The first exoplanet – a planet orbiting a star other than our sun – was discovered by Michael Mayor and Didier Queloz in 1995, a finding for which they were awarded the 2019 Nobel Prize in Physics. Thus, it was to my great surprise that, while reading a collection of nonfiction by Arthur C. Clarke, I came upon the following sentence:

“The first discovery of planets revolving around other suns, which was made in the United States in 1942, has changed all ideas of the plurality of worlds”

– “The Challenge of the Spaceship”, Arthur C. Clarke 1946

A deep dive into Google led me to the scientific paper “61 Cygni as a Triple System”  by astronomer K. A. Strand. This short paper, published in 1943, shows that the measured position of the stars in the 61 Cygni system were changing slightly over time, in a predictable cycle. Small changes in position like this indicate that there is an unseen orbiting companion to the star, whose gravitational pull is slightly shifting the movement of the primary star.

By measuring the size of the cyclical changes in position, the mass of the object creating them can be determined.
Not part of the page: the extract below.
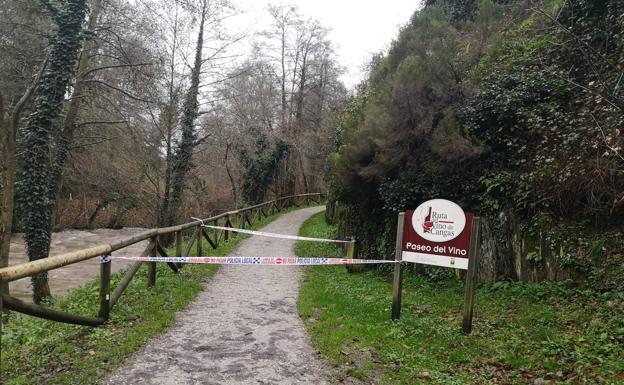La crecida del río Luiña cierra el Paseo del Vino de Cangas del Narcea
And this paper did just that! Strand found that the companion (61 Cygni c) had a mass of about 16 times the mass of Jupiter. Strand asserts:

“With a mass considerably smaller than the smallest known stellar mass … the dark companion must have an intrinsic luminosity so extremely low that we may consider it a planet rather than a star. Thus planetary motion has been found outside the solar system.”
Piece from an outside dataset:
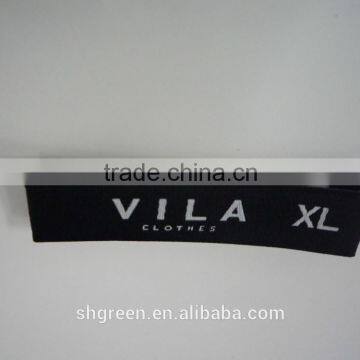 Black Woven Label,brand Logo Clothing Patch With Sewing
Excellent! So why then isn’t 61 Cygni C lauded today as the first discovery of an exoplanet?

There are several problems with the discovery, the most significant of which deals with the accuracy of the position measurements used. In the 1930s and 40s, when these measurements were taken, astronomers did not have access to the more precise and accurate methods and tools that we use today to measure position and velocity. Instead, they used glass photographic plates and used a ruler to measure the distances between the stars. By repeating this with hundreds of observations (each on its own 8” by 8” glass plate), they could see how the positions changed over time.

An example of a photographic plate from one of the telescopes used in the 1943 61 Cygni study.
An example of a photographic plate from one of the telescopes used in the 1943 61 Cygni study. The plate is a negative, showing stars as black dots, and empty space in white. Brighter stars appear as larger dots. Written at the bottom of the plate are notes indicating when the image was taken (Nov. 10, 1963), and what part of the sky it shows.

This method had problems though, and it was later shown that changes in the telescope lens or a change in the chemicals used to develop the photographic plates produced small changes in the position of stars. In the 1980s a number of papers came out, which, using more precise methods of measurement, found no evidence for any orbiting companion in the system. This debunked not only 61 Cygni C as the “first exoplanet” but also several other purported exoplanet discoveries that had been made using the same techniques in the 40 years following.

The “discovery” was later eclipsed by the first true exoplanets in the 1990’s and by the thousands more  (4,521 and counting) that have been confirmed since. When I brought it up at a lab meeting, no one in the room had ever heard of the 1942 61 Cygni c exoplanet discovery. And thus one sentence, written 75 years ago, sent me off down a week-long rabbit hole into early “planet” discoveries.